While some parts of my grief have softened over time, others are sharpened by each passing year. The older I get, the more milestones I reach, the more I wonder what Mum and Dad would be doing, saying and thinking if they were still here. To an outsider, years have passed since the pain of my parents’ deaths. Yet for me, I’ve been living for years with the pain of it. And those are two very different things, just like being thirsty five years ago is not the same as being thirsty for five years.
Grief does not end.
25th September 2000 was the day my Dad died. That date clearly marked the beginning of my grief, but there’s still no end date. There is no expiry date on grief. It’s never-ending. There’s no finish line to cross. No certificate upon completion.

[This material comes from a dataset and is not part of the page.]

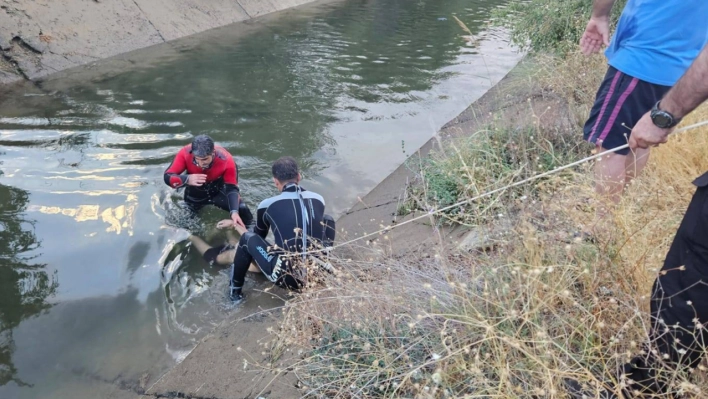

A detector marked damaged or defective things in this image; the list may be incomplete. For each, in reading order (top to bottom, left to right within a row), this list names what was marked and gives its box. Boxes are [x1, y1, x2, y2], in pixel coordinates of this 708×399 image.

cracked concrete surface [0, 0, 320, 84]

As the time since my parents’ deaths has multiplied – from four days, to four weeks, to four years and beyond, the rollercoaster of grief keeps cycling round, again and again.
Grief does not have an on/off switch.
I tried everything to ‘fix’ my grief - spending thousands on a juicing retreat in Spain, seeing a medicine man in Bali, getting tarot readings, trying reiki healing, and even putting crystals in my bra. Each time, I hoped it would be ‘the thing’, the one to flip the grief switch to ‘Off’. But my efforts were in vain, because healing from a bereavement is not one big, dramatic light-bulb moment. It’s the meticulous process of lighting a long string of fairy lights, one at a time. Each tiny bulb doesn’t seem like much, but illuminated together you suddenly see just how much light has returned to your life.
Grief is not all sadness.
Realising how quickly life can be taken away gives you an urgency to go out into the world and see everything, feel everything, touch everything, taste everything and hear everything. I suppose in that sense, grief comes with a secret gift. It may be buried under layers of heartbreak but it’s definitely there. The plus to its minus. The yang to its yin. The light to its dark.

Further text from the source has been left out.